SPEAKER_03:Well, you mentioned there's a much bigger assignment, and so when you look at what we're saying, it's not just one uh half a second part in a movie for kids or one page uh description in a book, it's all of these things together, it's a drip, drip, drip, drip, drip kind of uh sensation. You and I would be amazed uh to know the real numbers, but what would you say uh is a five through eight year old spending with media a day?
SPEAKER_08:What I got from USA Today was four hours a day with that just translating out to uh 30 hours, just under 30 hours a week. But I really think that's a conservative You know it is. And that was from 2025, but I think it's a very it's a conservative, maybe they're playing it safe to get keep their readers or something. But it the fact is that it's so immersive what a kid watches on their little phone, they're just they're in it and they're they're with it. Um and then there's interactivity now where they're not just watching the video, well, they could make a video and they can put in that some of the things they saw just because they they're funny, and and kids, I think it's a universal to timeless thing that kids want to be accepted. They they want to be funny, they want to walk with the cool crowd, so they want affirmation, they want to fit in, they want to be on the cutting edge of stuff. Now that it's not just something you might see passing by a magazine stand, now it's on your phone, and there seem to be more and more ways that even blockers things are slipping past, and the kid wants is not trying to be dirty or negative or anti-gospel, they just want to be accepted, they just want friends and they want to be cool. So it's it's a it's a tough place today for kids.
SPEAKER_03:And there's a lot of you know, predators that use um tick tock and all that to pretend to be a child or starts messaging and communicates and contacts. We as parents know the the dangers of that. Um so we live in a very um bizarre time. Everything's on the increase, and everything that we may have been dealing with as a high schooler, now the preschooler deals with it because it goes down, down, down, down. So I am uh concerned for our homes and our families. Um, why don't we talk about some parental response uh to what we've talked about, maybe some of the guardrails and guidance that we could give to our parents?
SPEAKER_08:Well, I think as much as possible, the parent needs to be in there, like you just brought up. We used to just say, hey, go watch the TV.
SPEAKER_03:Yeah. Yeah.
SPEAKER_08:And that's okay because it was flintstones, you know, something fun. So but now it's not like that. So I think you have to be hands-on and you have to get into your kids' world. One good thing, uh thinking about to your point about practical stuff, simple action to take. Most of our media now is not live broadcast, unless a football game or something. Most of it is sitting there waiting to be engaged. You start it, you can pause it. Now that didn't exist back in our day as kids, you couldn't just pause it, go get your breakfast, because you know, Mom, Captain Kangaroo, I'm gonna miss it.
SPEAKER_03:That's right.
SPEAKER_08:So you don't miss it, you pause it. So I think that could be a place where a parent could say, Hey, let's pause this for just a second, we'll get back to it. And then gently, carefully, hey, what do you think about that which you just saw? I think I think you want to ask questions, which is instead of, I mean, my my thing is I'm gonna tell them that that wasn't in my day, we didn't have that, and you can't be watching that. And we are gonna put Captain Kangaroo back on because we're, you know, you've got to come in kind of gently, wisely. Scripture says be wise as serpents, gentle as doves. I'm not advocating snakes because I hate them. But you come you come in wisely and say, hey, and you ask questions to get them to talk back. What did you see in that? Did you notice anything? Did what about that? You know, so that they when you click back to to continue, the child feels like they noticed something, then they understand how that may this may not be something we watch after this, or they they see the value themselves, and they feel like they almost came up with it themselves.
SPEAKER_03:So what you're saying is really with our kids is to begin to teach media discernment, yes, uh, rather than banning everything, yes, and everything is bad.
SPEAKER_09:Yeah.
SPEAKER_03:Um, as soon as you say it's bad when we're not looking, they want to see it um more intently, you know, or or they'll hide it.
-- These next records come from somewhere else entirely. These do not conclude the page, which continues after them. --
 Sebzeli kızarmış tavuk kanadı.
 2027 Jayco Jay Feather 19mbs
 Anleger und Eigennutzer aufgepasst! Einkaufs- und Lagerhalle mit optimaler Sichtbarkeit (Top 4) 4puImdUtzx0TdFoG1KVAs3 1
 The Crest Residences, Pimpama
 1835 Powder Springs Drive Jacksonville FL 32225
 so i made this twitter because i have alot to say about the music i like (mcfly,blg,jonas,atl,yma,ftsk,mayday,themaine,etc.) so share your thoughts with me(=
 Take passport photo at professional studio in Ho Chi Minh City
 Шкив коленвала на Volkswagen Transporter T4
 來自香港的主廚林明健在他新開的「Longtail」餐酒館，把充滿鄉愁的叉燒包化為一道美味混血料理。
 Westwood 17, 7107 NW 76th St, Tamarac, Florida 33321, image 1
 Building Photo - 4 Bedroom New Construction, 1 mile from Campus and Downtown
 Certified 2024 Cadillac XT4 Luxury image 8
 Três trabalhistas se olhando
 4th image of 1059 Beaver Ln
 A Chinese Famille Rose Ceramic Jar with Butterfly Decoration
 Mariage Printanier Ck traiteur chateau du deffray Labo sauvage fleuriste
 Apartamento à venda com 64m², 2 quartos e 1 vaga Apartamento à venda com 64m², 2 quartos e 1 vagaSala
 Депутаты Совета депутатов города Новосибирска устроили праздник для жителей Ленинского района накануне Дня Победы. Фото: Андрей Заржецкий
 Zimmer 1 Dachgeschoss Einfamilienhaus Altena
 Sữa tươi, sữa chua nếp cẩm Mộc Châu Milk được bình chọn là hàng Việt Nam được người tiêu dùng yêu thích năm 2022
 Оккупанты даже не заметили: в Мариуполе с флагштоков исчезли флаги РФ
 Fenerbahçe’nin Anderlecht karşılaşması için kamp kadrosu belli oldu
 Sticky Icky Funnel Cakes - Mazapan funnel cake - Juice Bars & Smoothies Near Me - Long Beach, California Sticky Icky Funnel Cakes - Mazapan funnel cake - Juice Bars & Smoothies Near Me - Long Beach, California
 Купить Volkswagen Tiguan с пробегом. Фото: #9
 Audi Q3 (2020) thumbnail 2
Um so that's kind of a crazy thing. Well, you know, you almost as a family, you have to first ask the question, we as a family, what are our values and our standards? What are we gonna be um allowing to come into this home? You you you really have to as a parent, either single or both together, have to come to that agreement first. If you do not have that grid, it's it's gonna be really messy. So what would you say to that?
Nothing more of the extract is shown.